Il ruolo determinante di Ulisse Aldrovandi nella riforma dell’arte sacra introdotta dal cardinale Gabriele Pa­­leotti è ampiamente documentato. Il pittore bolognese Bartolomeo Passerotti occupa un posto speciale tra gli artisti tardo-manieristi che più di tutti assimilarono le nuove idee proposte da Paleotti e Aldrovandi, per i suoi contatti diretti con Aldrovandi ma soprattutto per il loro comune interesse per il collezionismo di oggetti naturali, evidenziato in questo contributo attraverso due esempi significativi.
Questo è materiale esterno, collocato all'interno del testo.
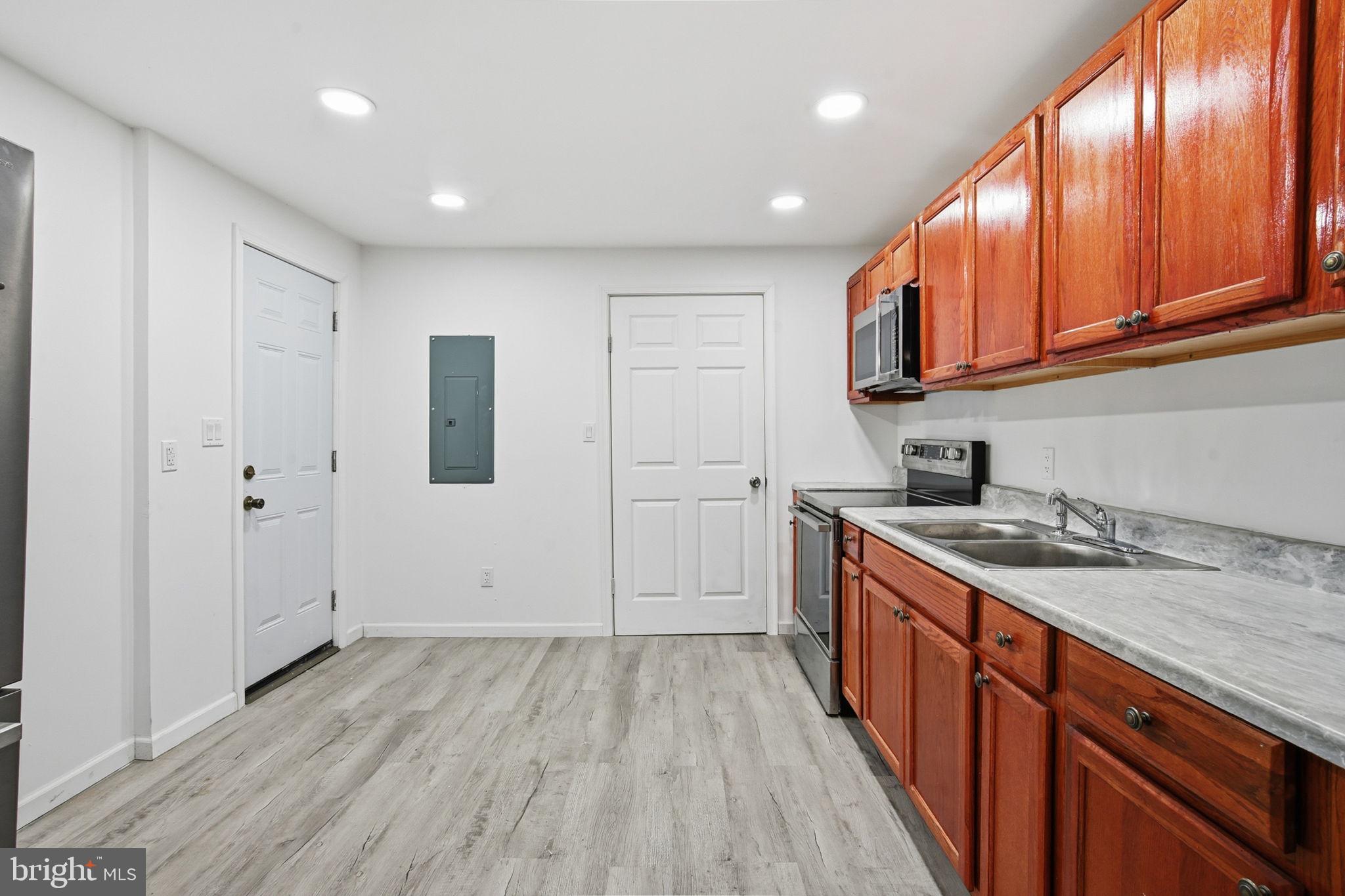 603 Academy Street Cambridge, MD 21613 - Photo 6 of 22 a kitchen with a sink window and cabinets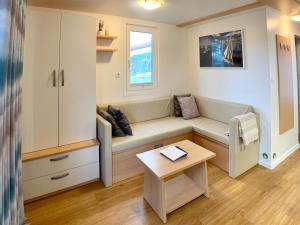a small living room with a couch and a table at BellaVista HouseBoat Apartment Portorose in Portorož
L’accuratezza della rappresentazione degli oggetti naturali è completata dalla raffigurazione di una “glossopetra” e di un pesce palla paragonabili a quelli ancora conservati nella Sala Aldrovandi del Museo di Palazzo Poggi.
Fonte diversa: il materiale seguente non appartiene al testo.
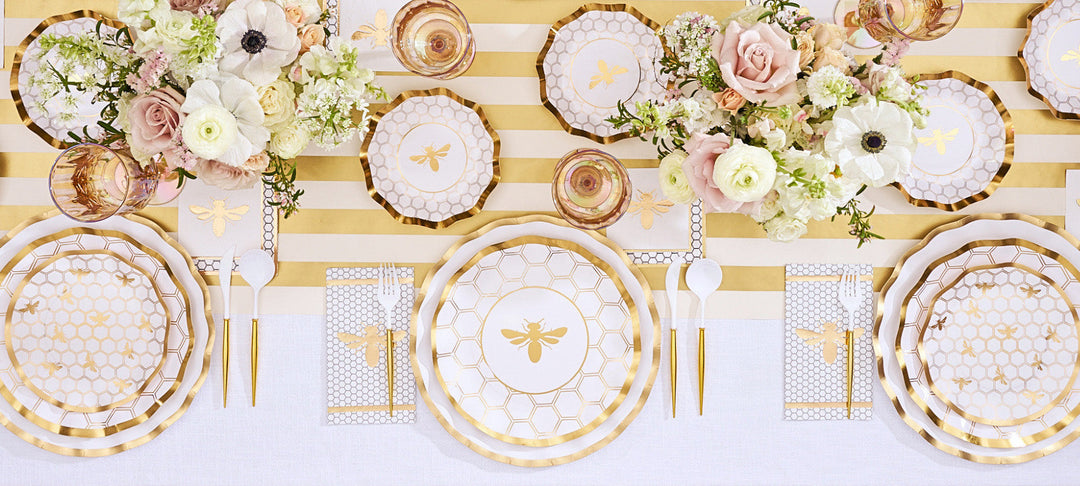 Elegant table setting with gold and white striped tablecloth, gold utensils, floral centerpieces, and plates featuring a bee and honeycomb design. Glasses and napkins arranged neatly.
The crucial role played by Ulisse Aldrovandi in the reform of sacred art commissioned by Cardinal Gabriele Paleotti is well-documented. Within this period, the Bolognese painter Bartolomeo Passerotti occupies a special place among the late-mannerist artists who embraced Paleotti’s and Aldrovandi’s ideas. This is due in part to his direct contact with Aldrovandi, but may also be attributed to a shared interest in collecting natural objects. The present contribution examines two case studies: first, the accuracy in the representation of natural objects, which matches the depictions of a “glossopetra”; and second, a puff fish representation that can be compared directly to specimens still preserved in the Aldrovandi collection in Palazzo Poggi.

/ Keywords

Naturalistic collections; Late Renaissance painting; Representation of nature.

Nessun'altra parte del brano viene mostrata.